++++ Supplied records

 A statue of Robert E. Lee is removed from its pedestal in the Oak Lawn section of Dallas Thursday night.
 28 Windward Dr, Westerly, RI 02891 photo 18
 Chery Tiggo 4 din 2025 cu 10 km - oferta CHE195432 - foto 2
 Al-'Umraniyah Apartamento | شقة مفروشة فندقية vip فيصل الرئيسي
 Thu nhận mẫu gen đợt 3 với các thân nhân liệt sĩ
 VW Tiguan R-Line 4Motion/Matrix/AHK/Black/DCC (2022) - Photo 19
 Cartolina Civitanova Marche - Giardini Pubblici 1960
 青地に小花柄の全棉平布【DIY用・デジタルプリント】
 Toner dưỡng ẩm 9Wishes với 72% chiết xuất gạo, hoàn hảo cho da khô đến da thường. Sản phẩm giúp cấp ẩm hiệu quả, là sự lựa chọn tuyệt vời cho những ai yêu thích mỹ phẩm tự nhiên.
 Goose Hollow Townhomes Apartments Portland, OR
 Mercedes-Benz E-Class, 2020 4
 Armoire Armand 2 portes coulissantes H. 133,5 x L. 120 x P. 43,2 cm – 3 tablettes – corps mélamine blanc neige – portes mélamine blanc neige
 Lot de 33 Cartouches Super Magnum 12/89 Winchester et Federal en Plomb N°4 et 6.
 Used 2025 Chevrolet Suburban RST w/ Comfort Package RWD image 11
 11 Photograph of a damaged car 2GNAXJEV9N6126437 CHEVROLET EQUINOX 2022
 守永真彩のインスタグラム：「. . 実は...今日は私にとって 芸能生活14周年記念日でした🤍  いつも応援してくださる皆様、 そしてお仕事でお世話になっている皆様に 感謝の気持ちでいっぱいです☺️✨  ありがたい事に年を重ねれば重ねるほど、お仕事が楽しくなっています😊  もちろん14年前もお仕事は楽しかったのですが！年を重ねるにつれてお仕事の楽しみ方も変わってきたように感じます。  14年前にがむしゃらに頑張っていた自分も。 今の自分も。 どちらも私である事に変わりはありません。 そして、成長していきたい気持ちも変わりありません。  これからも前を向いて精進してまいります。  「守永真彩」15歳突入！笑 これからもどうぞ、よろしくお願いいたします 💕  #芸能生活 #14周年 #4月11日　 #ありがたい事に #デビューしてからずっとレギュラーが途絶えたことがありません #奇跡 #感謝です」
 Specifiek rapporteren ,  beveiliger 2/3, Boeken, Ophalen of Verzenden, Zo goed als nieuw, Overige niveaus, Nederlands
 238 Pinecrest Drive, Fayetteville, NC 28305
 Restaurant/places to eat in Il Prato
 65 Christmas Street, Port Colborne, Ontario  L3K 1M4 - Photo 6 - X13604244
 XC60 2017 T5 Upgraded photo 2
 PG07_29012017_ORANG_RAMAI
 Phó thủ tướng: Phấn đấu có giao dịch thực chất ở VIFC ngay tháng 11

++++++++

**Work order**
Would you retype exactly the lines above, from the line with "Cartolina Civitanova Marche" to the line with "11 Photograph of", with both end lines kept and nothing more?

**Response below**
 Cartolina Civitanova Marche - Giardini Pubblici 1960
 青地に小花柄の全棉平布【DIY用・デジタルプリント】
 Toner dưỡng ẩm 9Wishes với 72% chiết xuất gạo, hoàn hảo cho da khô đến da thường. Sản phẩm giúp cấp ẩm hiệu quả, là sự lựa chọn tuyệt vời cho những ai yêu thích mỹ phẩm tự nhiên.
 Goose Hollow Townhomes Apartments Portland, OR
 Mercedes-Benz E-Class, 2020 4
 Armoire Armand 2 portes coulissantes H. 133,5 x L. 120 x P. 43,2 cm – 3 tablettes – corps mélamine blanc neige – portes mélamine blanc neige
 Lot de 33 Cartouches Super Magnum 12/89 Winchester et Federal en Plomb N°4 et 6.
 Used 2025 Chevrolet Suburban RST w/ Comfort Package RWD image 11
 11 Photograph of a damaged car 2GNAXJEV9N6126437 CHEVROLET EQUINOX 2022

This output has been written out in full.